While I typically focus my articles toward high-ranking profit and loss leaders such as CEOs and line managers, I’d like to take the opportunity to discuss Level 1 leaders for staff departments, including: accounting, human resources, IT support, corporate communications, and legal. Oftentimes, top executives struggle with determining these individuals’ roles and evaluating their contribution, as Level 1 staff members are often seen as costly necessities to the rank and file employees, and have little impact on the company. They can be seen as bureaucrats or policy gatekeepers living off the revenue execution talent of others, and are often known to make business difficult.

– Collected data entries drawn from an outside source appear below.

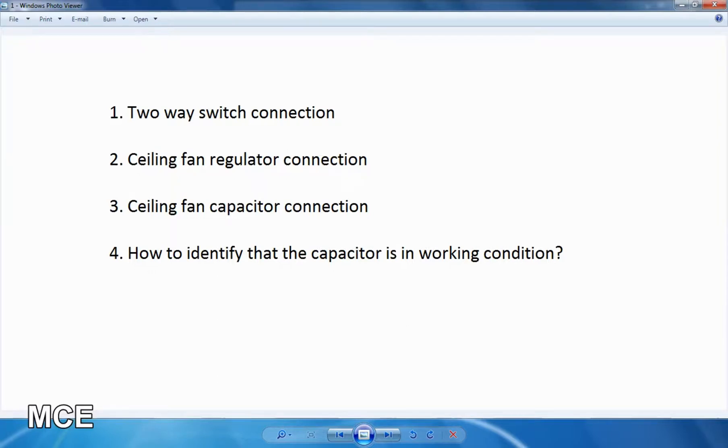Hi friends, so in this video we will talk about the first 2-way switch connection.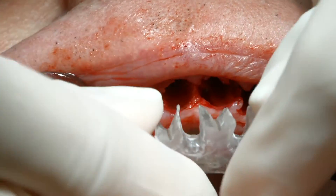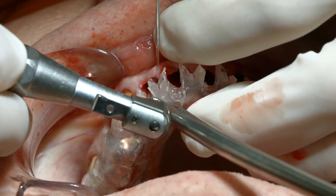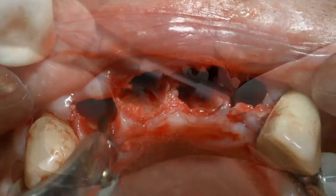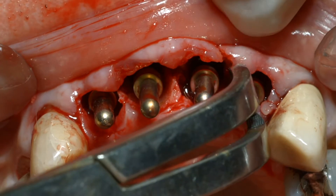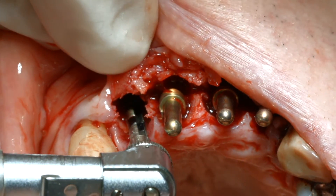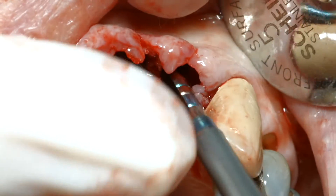The clear surgical guide was inserted and used to facilitate the positioning and drilling of the 2.0 mm pilot osteotomy. After the initial preparation, gold-colored paralleling pins were inserted into the osteotomies to confirm their trajectories prior to further incremental widening of the osteotomies with latch and hand reamers.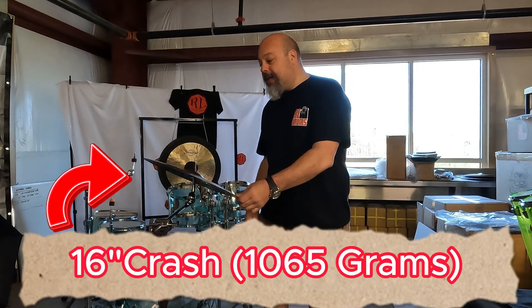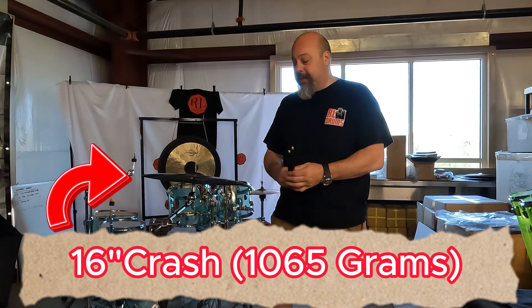Welcome back to RL drums, we are back with the Beat 10 series. This is a 16-inch crash — see how she sounds.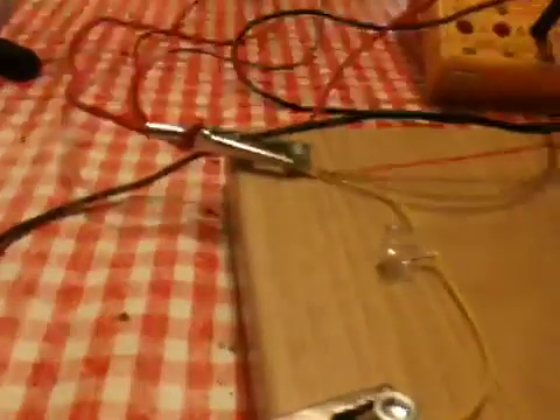As the needle touches the water, it completes the circuit, goes down this wire into the LED — and the other side is attached to the other side of the battery. So as you speak into these devices, the needle goes up and down, completes the circuit, and lets the light flash on and off. Or a speaker, if one were attached, would play your voice.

Level 1 staff executives are paid sizable salaries and often benefit from large bonuses immune from enterprise performance. They can be seen to have little direct effect on profit, and are not held accountable except by subjective opinion relative to “likeability,” or their relationship with the CEO. Because they lack direct ownership for numerical KPIs, mediocre functional staff chiefs can skate for years without much quantitative accountability. Many are perceived to contribute only as process advisors when a crisis occurs for the line officers and client servers.
In numerous companies, employees have a right in evaluating the functional staff leadership as ‘maintenance personnel,’ in that they do not have the long-term competitive impact to justify their costs. This leadership can have considerable authority, but little quantitative accountability. If their only role is proven to be only functional transactions, the positions would be cheaper being outsourced or even automated.
Despite this, Level 1 functional staff can be the most valuable business leaders in the organization, if they are talented and their position is clearly defined and regulated.
I believe the most successful chief functional leaders of the best corporations are:
1) Leaders with a vision (versus bureaucrats); and 2) accountable for reshaping the enterprise to a more competitive position by spending much of their time on the future facilitation of the strategic intent. (If their focus is only on execution of daily transactions, they are the wrong people for the position. In my opinion, these individuals should have a title starting with “Manager of…” rather than “Chief of…”).
Let me briefly digress to make my point. In the early 1990s when the Japanese took major market shares from U.S. car manufacturers, it was speculated that the amazing quality of Japanese cars was their secret to success. That difference was measurable and certainly correct, but even as U.S. manufacturers improved (remember the Total Quality Management fad?), the Japanese still seemed to be one step ahead in attracting customers. I remember an interview given by a Japanese executive who explained their growing advantage with: “While the U.S. manufacturers are putting all their energy into unit quality improvement measured by number of defects per automobile, we defined quality a different way. Zero Defects is our base cultural minimum standards. We strive for that plus evaluating what features our customers want by relentlessly asking them, and even more, we are guessing by macro-trend and observation what features they could not describe, delighting them when they saw it.” The Japanese were actually two levels of value interpretation above their base culture of Zero Defects! That is why they were winning.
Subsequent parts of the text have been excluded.